We left Ergonok on day 7 with the team morale fairly low. We retraced our steps to Jelsamet which included the 2 river crossings, one which we had crossed on foot a few days back needed to be crossed with the horses this time as it had risen with the rain. A long day walking back across moraines and the high plateau. Yurt night + some camping in the village we previously stopped at for tea. Altitude approx 4100m.
On day 8 we continued down to the Pamir river valley. We leave the Big Pamir behind as we cross the final part of the plateau and start following the river. The morning is rather tedious walking across moraines. A strong westerly wind picks up as we reach the river valley. Lunch by a winter grain store by the river waving to 4x4 driving the Pamir highway on the Tajik side. The afternoon is more interesting with walking on challenging terrain. Lots of sand, ridges and landslides to handle. One small river crossing and then a bridge to take us across the Ali Su (river coming down the holy valley) and we come to a grassy area on the banks of the river. Perfect camping spot with a hut for cooking at about 3600m. Dinner of pasta and potatoes, some chat on what lies ahead and what we can do in Dushanbe when we get there and then time to turn in. Some tired legs as we covered 23-24km today.
Day 9 and we continue down to the Pamir river valley. The valley becomes more constrained as we head to the gorge.
Our final day of trekking was a relatively easy walk to reach Goz Khun, where the Pamir and Wakhan river valleys meet and form the Panj river.. A couple of river crossings and some ups and downs to come back to 2900m. Arrive lunch time and relax in the afternoon, repack, wash (luxury bucket wash of course!) etc...

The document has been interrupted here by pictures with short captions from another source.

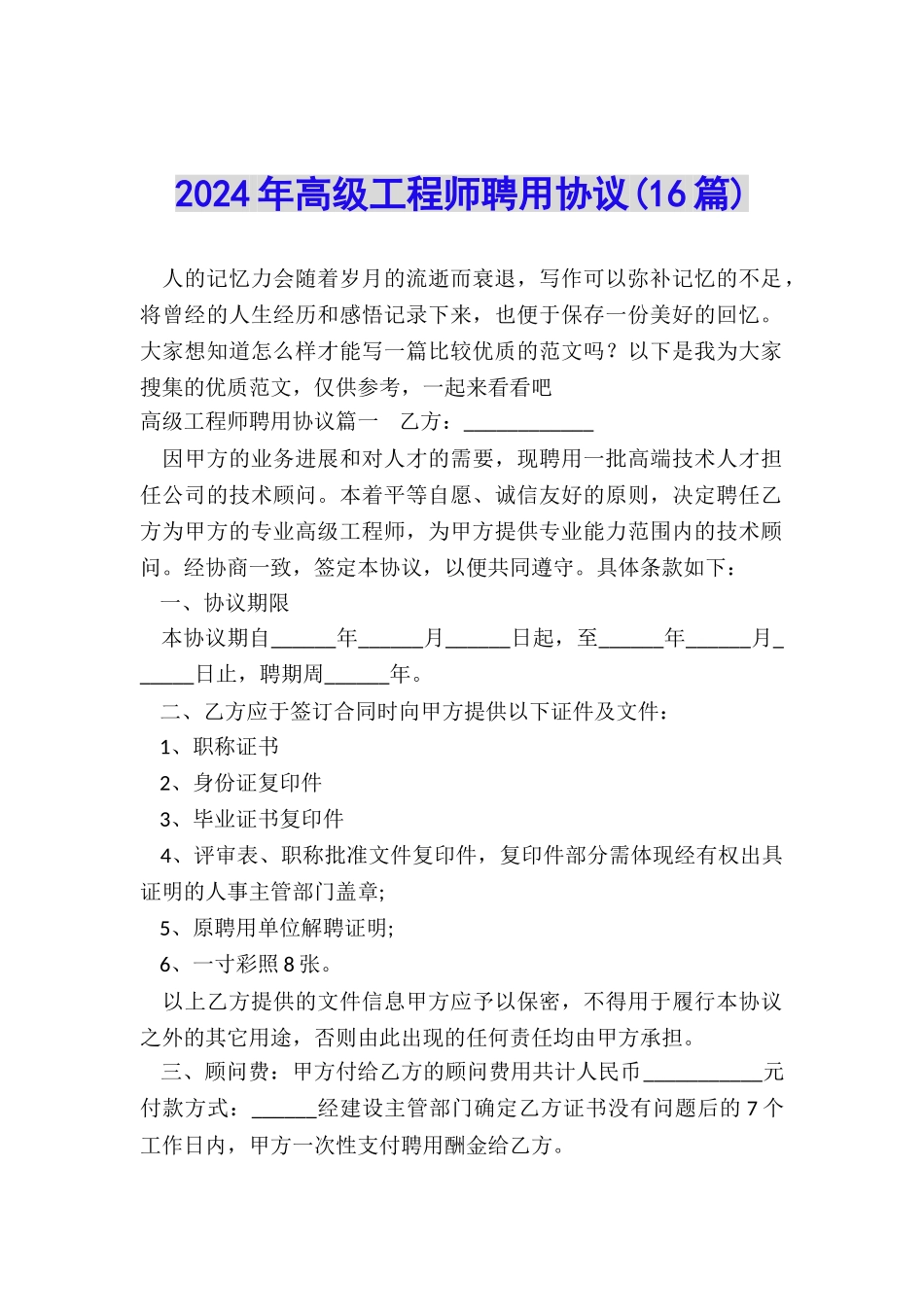 2024年高级工程师聘用协议_第1页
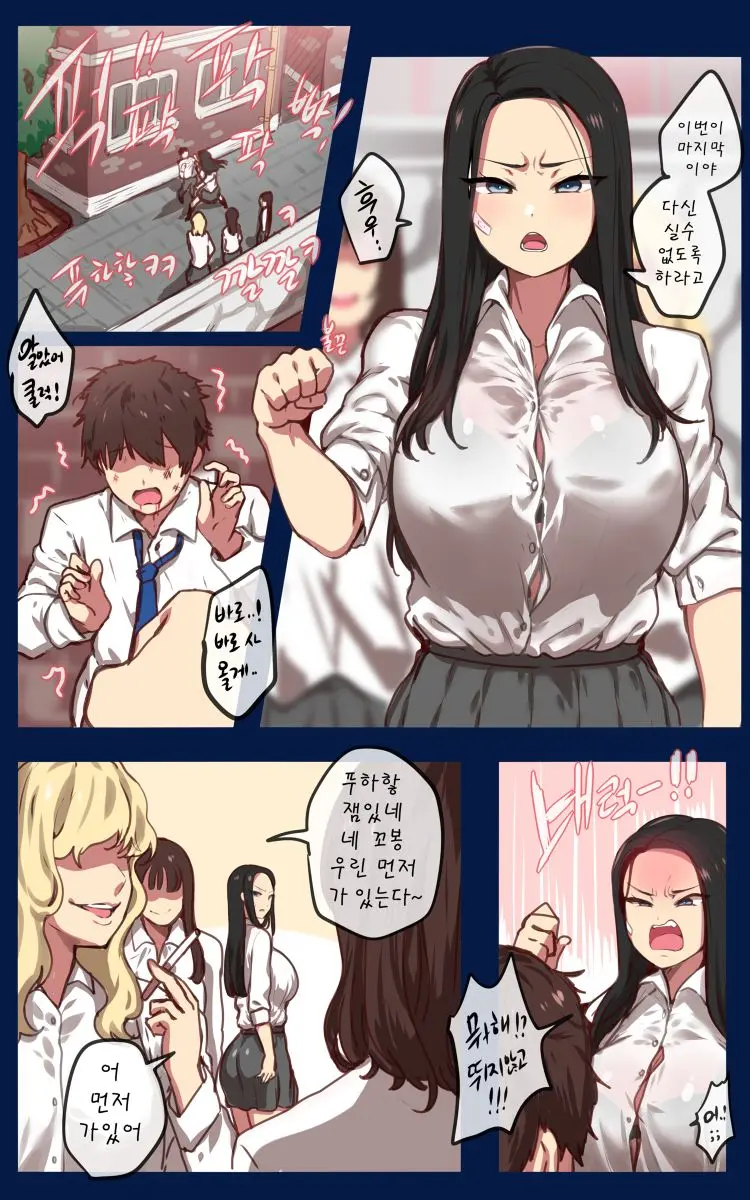 웹툰 이미지 0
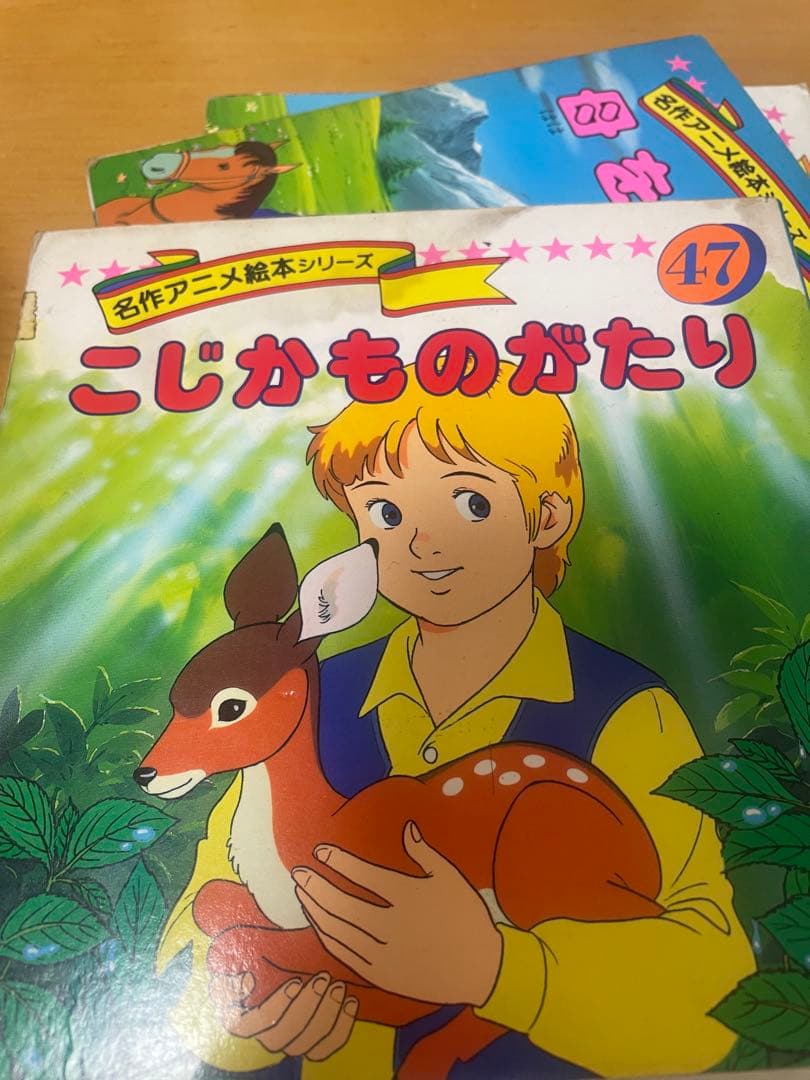 絶版　永岡書店　名作アニメ絵本シリーズ　アニメ昔ばなしシリーズ　67冊セット
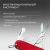 Нож перочинный Victorinox Fieldmaster (1.4713) 91мм 15функц. красный карт.коробка - купить недорого с доставкой в интернет-магазине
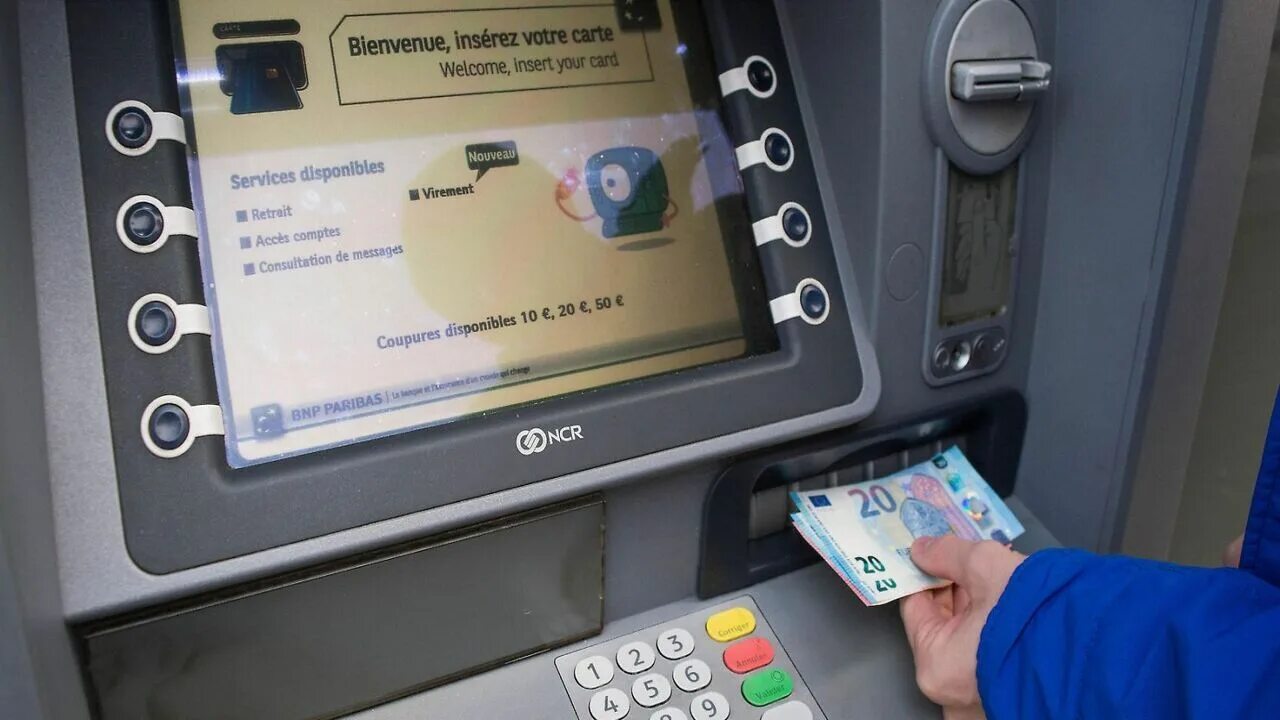 Банкомат (ATM). Банкомат в Италии. Молдавский Банкомат. Старый Банкомат.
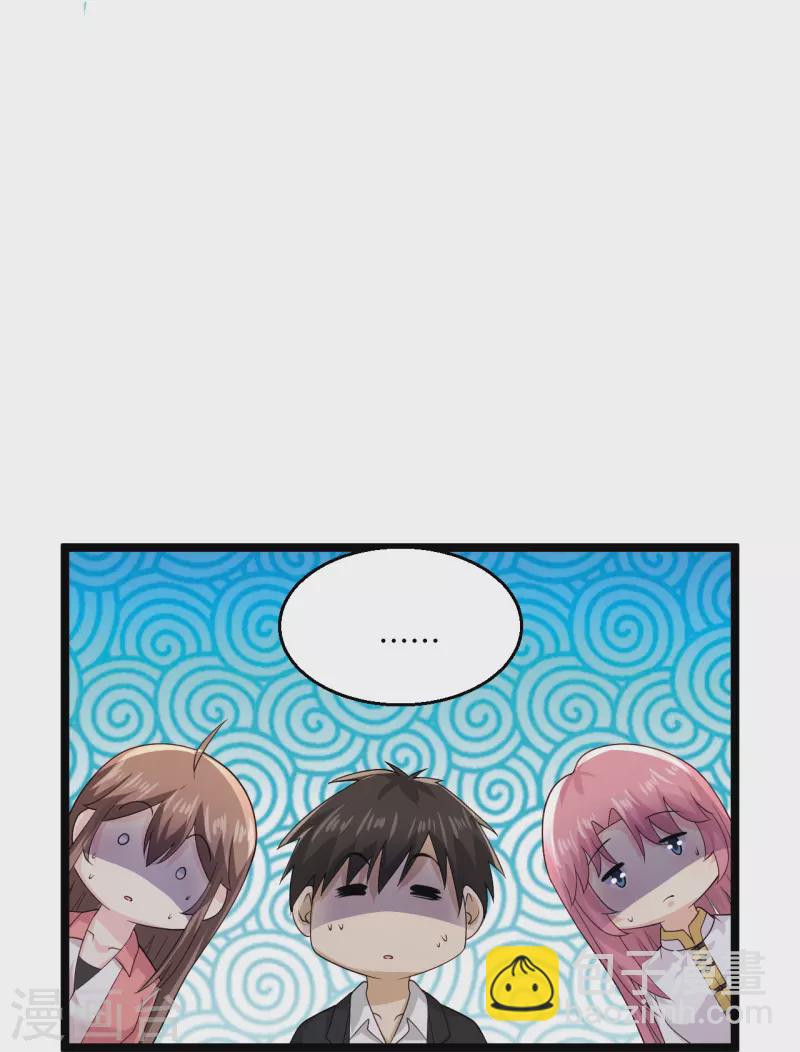 🍴绝品医圣 第280话 卑微如我 第30页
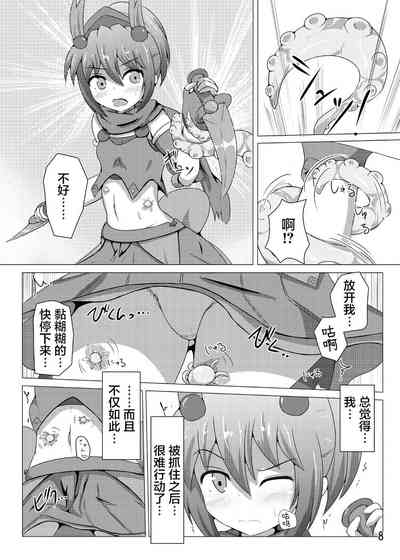 第8页图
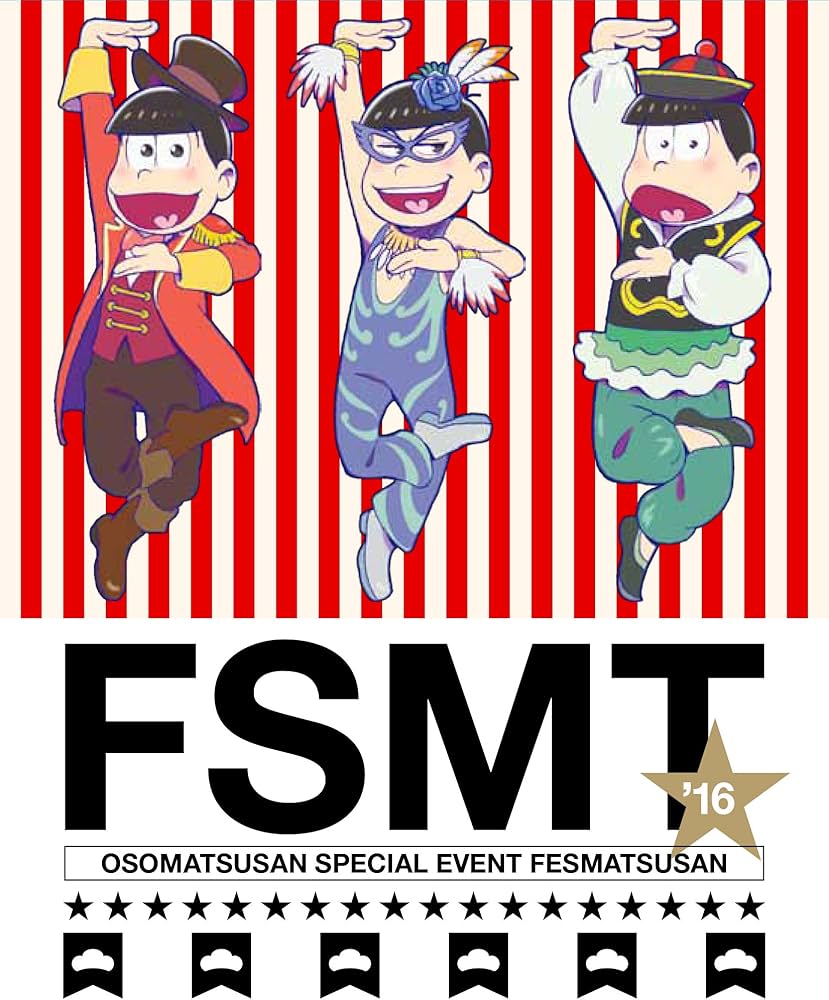 Amazon.co.jp: おそ松さんスペシャルイベント フェス松さん'16 [Blu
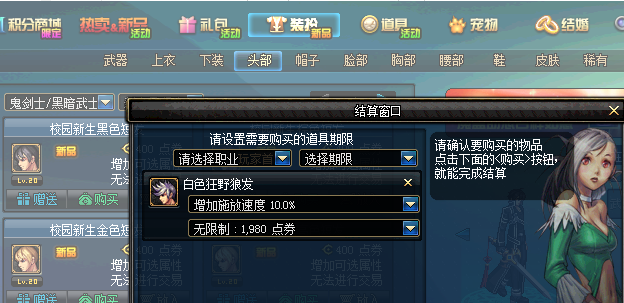 DNF：合透明天空概率上升，依旧不如盒子开透明天空活动？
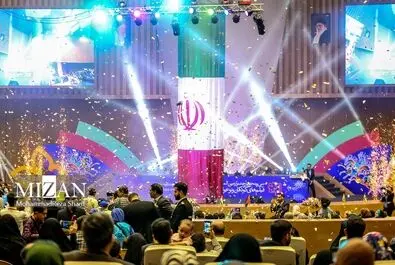 جشنواره بین‌المللی فیلم‌ کودکان و نوجوانان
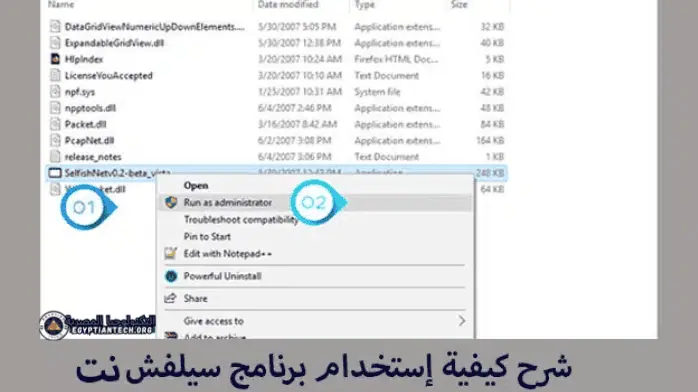تحميل برنامج سيلفش نت SelfishNet للكمبيوتر 2024 مجانا برابط مباشر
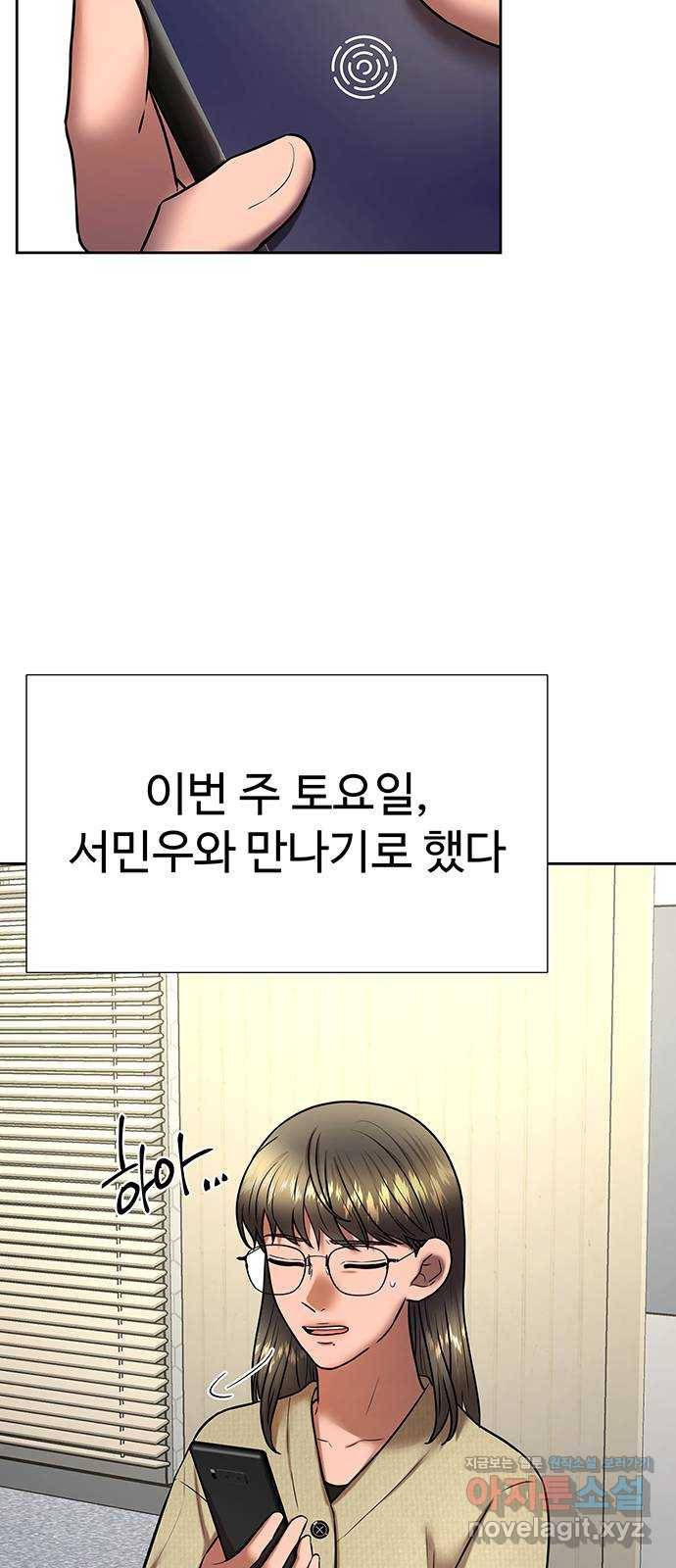 더 나우 57화 2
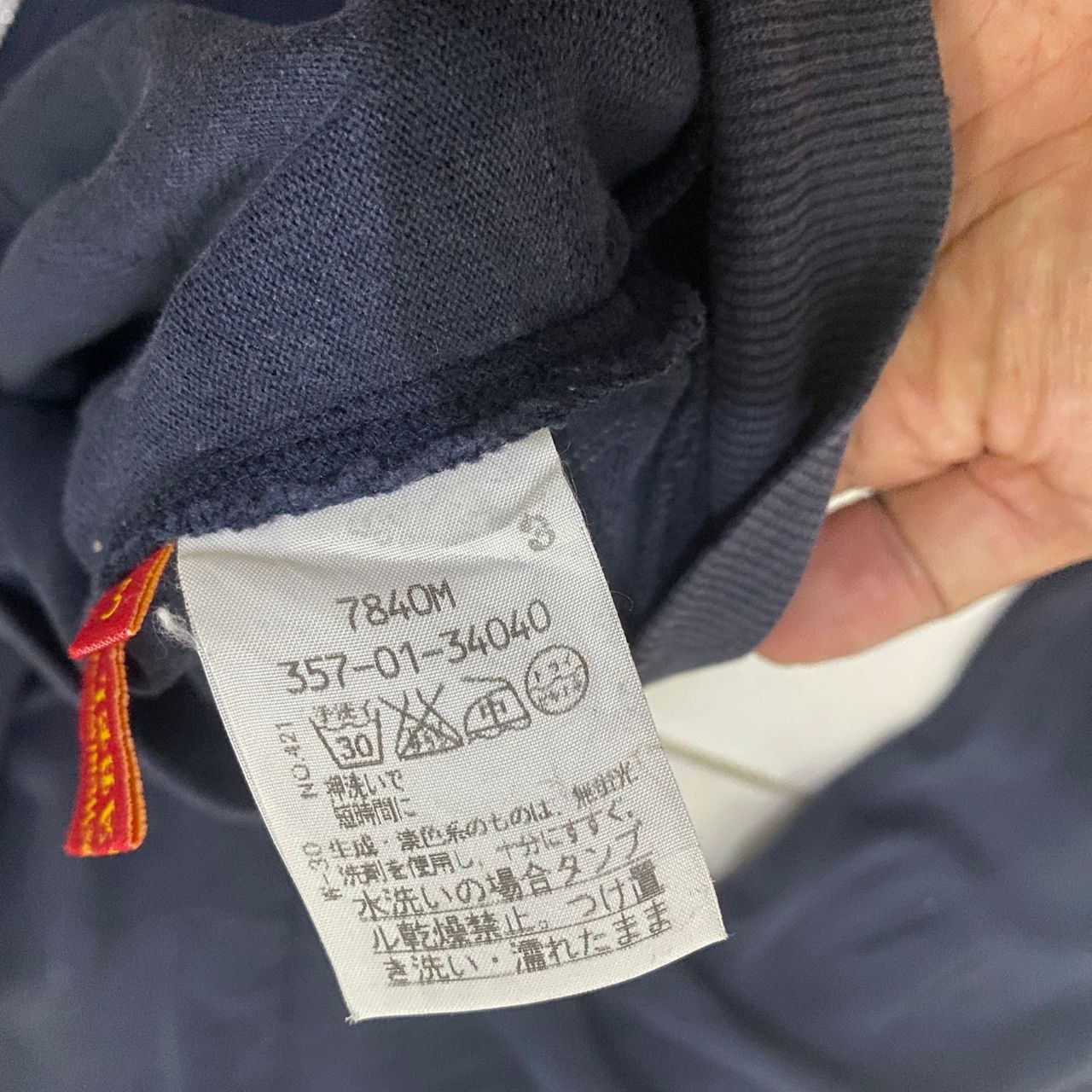 Vivienne Westwood Vivienne Westwood Red Label Fully Zipper Hoodies Size US M / EU 48-50 / 2 - 18 Thumbnail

| Beautiful sunrise over a glaciated peak in the Tajik Pamirs |
We hit the road early in the morning on the 5th August on our way out from this wonderfully remote area. The (rather hopeful) aim was to drive from Goz Khun to Ishkashim, cross back into Tajikistan and onto Khorog in the day. Within a couple of hours however this had been cut back to simply reaching Ishkashim due to the bulging water levels of the Wakhan river. In the end it took 10 hours to cover 150km.
| Assessing the depth of a flooded section |
The days summary was pretty impressive: 3 river crossings at sections where the road was flooded (with the cars taking on water at the deepest one), 1 broken Corolla (swapped for a van), 2 flats tyres, 1 rear axle broken and a punctured exhaust on a Landcruiser (swapped for a Corolla) and 2 vans stuck in the mud requiring towing out!
| The motorcade making its way back to Ishkashim |
| Playful children in Khundud |
From Ishkashim, the rest of the trip back would be relatively easygoing. A fun couple of hours to cross the border back into Tajikistan followed by a couple of hours drive to Khorog where we could spend an afternoon and evening celebrating.
| Yours truly at the Ishkashim border |
It was then a couple of further days driving to reach Dushanbe (no landslides or other mishaps this time), taking the high route via the Sagirdast pass (3252m). After a day of relaxing, sightseeing and souvenir shopping, we made our way to the airport in the very early morning of 10th August for our flights home!
Tashakor Afghanistan! Hope to see you again sometime!
P.S. National Geographic published a great article on the Wakhan in 2013 which you can read here: http://ngm.nationalgeographic.com/2013/02/wakhan-corridor/finkel-text
P.P.S Update 29/12/2015 - The Wakhan features as the starting point of Levison Wood's 'Walking the Himalayas'. The first episode aired on Channel 4 on 27 December 2015. Levison (who co-founded Secret Compass) walked the first stage with Malang a couple of months before our expedition to the region.